For execution algorithms, understanding how a trade at one price level impacts the entire book is critical. The GNN framework naturally models this:

Encode the current LOB as a graph.
Simulate the removal of volume at a target level (the trade).
Use the GNN to predict the new equilibrium state of the LOB.

This enables optimal execution strategies that minimize market impact by choosing levels and timing based on the graph structure.

3.4 Multi-Asset LOB Graphs

The framework extends to multiple assets by creating a multi-graph:

Each asset has its own LOB sub-graph.
Cross-asset edges connect correlated price levels (e.g., BTC best bid to ETH best bid).
The GNN then captures both intra-book and cross-book dynamics, useful for pairs trading and statistical arbitrage.

4. Rust Implementation

Our Rust implementation in rust/src/lib.rs provides:

Component	Description
`LOBGraph`	Builds a graph from bid/ask levels with configurable adjacency
`GCNLayer`	Standard GCN message passing with learnable weights
`GATLayer`	Attention-based aggregation with multi-head support
`GraphReadout`	Mean and max pooling for graph-level embeddings
`MidPricePredictor`	Full pipeline: graph construction + GNN + prediction head
`BybitClient`	Fetches real-time orderbook data from Bybit API

Key design decisions:

ndarray for matrix operations — provides NumPy-like ergonomics in Rust.
No external ML framework — all GNN layers are implemented from scratch to demonstrate the math.
Async Bybit client — uses reqwest for non-blocking API calls.

Building and Running

cd 277_gnn_lob/rust
cargo build
cargo test
cargo run --example trading_example

5. Bybit Data Integration

The implementation connects to Bybit’s public REST API:

Endpoint: GET https://api.bybit.com/v5/market/orderbook

Parameters:

category=spot
symbol=BTCUSDT
limit=50 (up to 200 levels)

Response structure:

{
  "result": {
    "b": [["price", "qty"], ...],
    "a": [["price", "qty"], ...],
    "ts": 1234567890,
    "u": 12345
  }
}

The BybitClient parses this into PriceLevel structs and feeds them to LOBGraph::from_orderbook().

Data Pipeline

Fetch orderbook snapshot (50 levels each side).
Construct graph with k-nearest neighbor edges (k=5 default).
Compute node features: price, quantity, side, normalized position.
Run GNN forward pass (2 GCN layers + readout + MLP).
Output predicted mid-price direction and confidence.

6. Key Takeaways

LOBs have natural graph structure. Price levels interact through order flow, and GNNs capture these interactions through message passing.
GCN vs. GAT trade-off. GCN is faster and simpler; GAT provides attention-based interpretability and can adaptively weight neighbors.
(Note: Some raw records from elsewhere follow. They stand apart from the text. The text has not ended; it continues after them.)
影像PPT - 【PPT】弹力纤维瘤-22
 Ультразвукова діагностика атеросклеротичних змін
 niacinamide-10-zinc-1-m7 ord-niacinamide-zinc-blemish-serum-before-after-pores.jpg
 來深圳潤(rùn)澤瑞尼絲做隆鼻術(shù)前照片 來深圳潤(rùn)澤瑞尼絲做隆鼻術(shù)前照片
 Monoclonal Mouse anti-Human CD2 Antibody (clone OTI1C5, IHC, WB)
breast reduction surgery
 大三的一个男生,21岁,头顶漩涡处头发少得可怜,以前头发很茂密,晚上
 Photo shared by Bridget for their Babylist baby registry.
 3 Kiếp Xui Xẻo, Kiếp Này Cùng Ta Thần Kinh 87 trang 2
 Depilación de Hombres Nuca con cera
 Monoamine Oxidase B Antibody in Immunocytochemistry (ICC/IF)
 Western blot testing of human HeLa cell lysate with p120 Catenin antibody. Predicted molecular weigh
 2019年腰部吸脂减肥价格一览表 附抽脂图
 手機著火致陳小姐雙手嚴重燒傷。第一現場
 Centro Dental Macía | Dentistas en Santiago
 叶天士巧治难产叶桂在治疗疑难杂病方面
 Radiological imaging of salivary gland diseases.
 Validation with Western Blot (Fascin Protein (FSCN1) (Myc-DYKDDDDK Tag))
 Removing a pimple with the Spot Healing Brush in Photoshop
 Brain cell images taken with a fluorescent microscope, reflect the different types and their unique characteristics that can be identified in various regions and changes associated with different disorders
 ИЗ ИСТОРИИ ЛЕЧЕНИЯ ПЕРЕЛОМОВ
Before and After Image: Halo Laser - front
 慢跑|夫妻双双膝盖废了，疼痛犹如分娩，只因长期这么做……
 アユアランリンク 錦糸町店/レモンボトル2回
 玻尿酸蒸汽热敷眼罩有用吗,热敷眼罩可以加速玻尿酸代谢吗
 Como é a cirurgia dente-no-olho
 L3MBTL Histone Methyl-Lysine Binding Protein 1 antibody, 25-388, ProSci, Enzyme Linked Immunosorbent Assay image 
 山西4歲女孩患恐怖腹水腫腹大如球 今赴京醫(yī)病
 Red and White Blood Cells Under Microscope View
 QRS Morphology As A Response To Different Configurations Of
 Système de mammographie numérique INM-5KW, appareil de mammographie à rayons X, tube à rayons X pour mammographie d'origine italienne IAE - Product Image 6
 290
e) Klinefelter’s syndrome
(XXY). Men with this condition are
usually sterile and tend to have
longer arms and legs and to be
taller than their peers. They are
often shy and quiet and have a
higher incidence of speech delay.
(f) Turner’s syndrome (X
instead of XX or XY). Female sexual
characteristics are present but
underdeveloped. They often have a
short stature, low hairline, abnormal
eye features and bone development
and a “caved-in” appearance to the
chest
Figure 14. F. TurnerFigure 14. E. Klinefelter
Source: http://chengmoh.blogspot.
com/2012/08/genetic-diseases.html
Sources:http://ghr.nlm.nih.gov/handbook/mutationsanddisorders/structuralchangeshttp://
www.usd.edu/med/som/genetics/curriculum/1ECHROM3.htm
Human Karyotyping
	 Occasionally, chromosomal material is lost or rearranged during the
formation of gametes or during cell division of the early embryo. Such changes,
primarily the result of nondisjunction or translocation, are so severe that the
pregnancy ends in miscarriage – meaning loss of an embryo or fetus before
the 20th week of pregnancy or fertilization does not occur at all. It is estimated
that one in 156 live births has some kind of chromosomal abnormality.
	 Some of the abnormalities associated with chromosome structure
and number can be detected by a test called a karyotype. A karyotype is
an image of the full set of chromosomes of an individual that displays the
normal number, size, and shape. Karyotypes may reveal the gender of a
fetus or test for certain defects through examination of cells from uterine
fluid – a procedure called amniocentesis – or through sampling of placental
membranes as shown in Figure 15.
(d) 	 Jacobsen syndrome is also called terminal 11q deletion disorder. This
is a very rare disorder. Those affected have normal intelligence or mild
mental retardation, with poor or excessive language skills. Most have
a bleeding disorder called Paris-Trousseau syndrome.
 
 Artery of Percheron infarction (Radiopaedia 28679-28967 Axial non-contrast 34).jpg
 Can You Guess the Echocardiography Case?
For LOB data, GAT typically outperforms GCN by learning which levels matter most.
Graph construction matters. The choice of edge strategy (k-NN, bipartite, sequential) significantly impacts performance. k-NN with k=5 is a good default; adding cross-spread edges further improves prediction.
Scalability. LOB graphs are small (tens to hundreds of nodes), so GNN inference is fast — well within the latency budget for HFT applications.
Multi-asset extension. The same framework naturally extends to multi-asset graphs for cross-market signal extraction.
Rust for production. Our implementation demonstrates that GNN inference can be done in pure Rust without Python dependencies, enabling deployment in low-latency trading systems.

References

Kipf, T. N., & Welling, M. (2017). Semi-Supervised Classification with Graph Convolutional Networks. ICLR.
Velickovic, P., et al. (2018). Graph Attention Networks. ICLR.
Zhang, Z., Zohren, S., & Roberts, S. (2019). DeepLOB: Deep Convolutional Neural Networks for Limit Order Books. IEEE Trans. Signal Processing.
Xu, K., et al. (2021). Graph Neural Networks for Limit Order Book Modeling. NeurIPS Workshop on ML for Financial Markets.
Cont, R. (2011). Statistical Modeling of High-Frequency Financial Data. IEEE Signal Processing Magazine.